*** Opening of Raw data ***

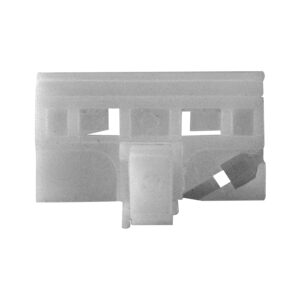 96835 REPUESTO DE ELEVADOR VW POINTER 04-06  BASE CORREDERA MANUAL 1 PIEZA PLASTICO GENERICA Izquierdo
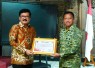 Merawat Silaturahmi, Kas Kohanudnas Silaturahmi Dengan Mantan Panglima TNI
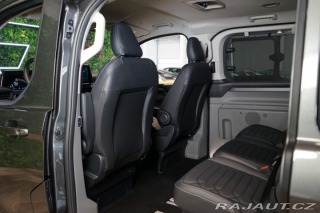 Ford Tourneo Custom CUSTOM*2.0*ECOBLUE*360*NE 2025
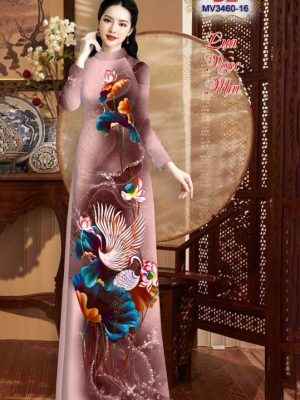 Vải Áo Dài Hoa Sen Mới Ra AD MV3460 25 1655368770 164 Vai Ao Dai Hoa Sen Moi Ra AD MV3460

*** Close of Raw data ***

▶ **Work to complete**: Set down exactly, from the line that contains "Ford Tourneo Custom" through the last line of the data, each line as it stands, and leave the pictures out.

▶ **Reply**:
 Ford Tourneo Custom CUSTOM*2.0*ECOBLUE*360*NE 2025
 Vải Áo Dài Hoa Sen Mới Ra AD MV3460 25 1655368770 164 Vai Ao Dai Hoa Sen Moi Ra AD MV3460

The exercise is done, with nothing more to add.